§ **Exercise brief**: The data below should be transcribed in full, with no picture included.

§ **Information supplied**:
┄┄┄┄┄┄┄┄┄┄┄┄┄┄┄┄┄┄┄┄

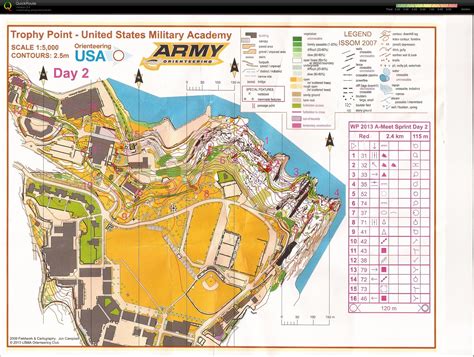 West Point Academy Campus Map - United States Map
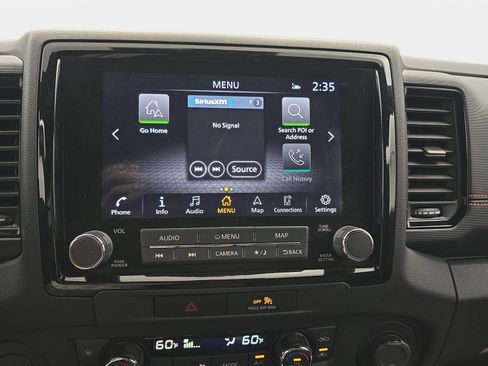 Used 2023 Nissan Frontier Pro-X w/ Pro-X Premium Package RWD image 18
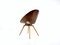 Poltrone S664 di Eddie Harlis per Thonet, set di 2, Immagine 12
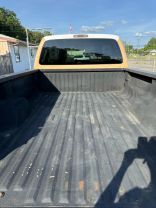 2014 FORD F350 SUPER DUTY SUPER CAB PICKUP V8, FLEX FUEL, 6.2 LITER XL PICKUP 4D 8 FT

┄┄┄┄┄┄┄┄┄┄┄┄┄┄┄┄┄┄┄┄

§ **Answer space**:
 West Point Academy Campus Map - United States Map
 Used 2023 Nissan Frontier Pro-X w/ Pro-X Premium Package RWD image 18
 Poltrone S664 di Eddie Harlis per Thonet, set di 2, Immagine 12
 2014 FORD F350 SUPER DUTY SUPER CAB PICKUP V8, FLEX FUEL, 6.2 LITER XL PICKUP 4D 8 FT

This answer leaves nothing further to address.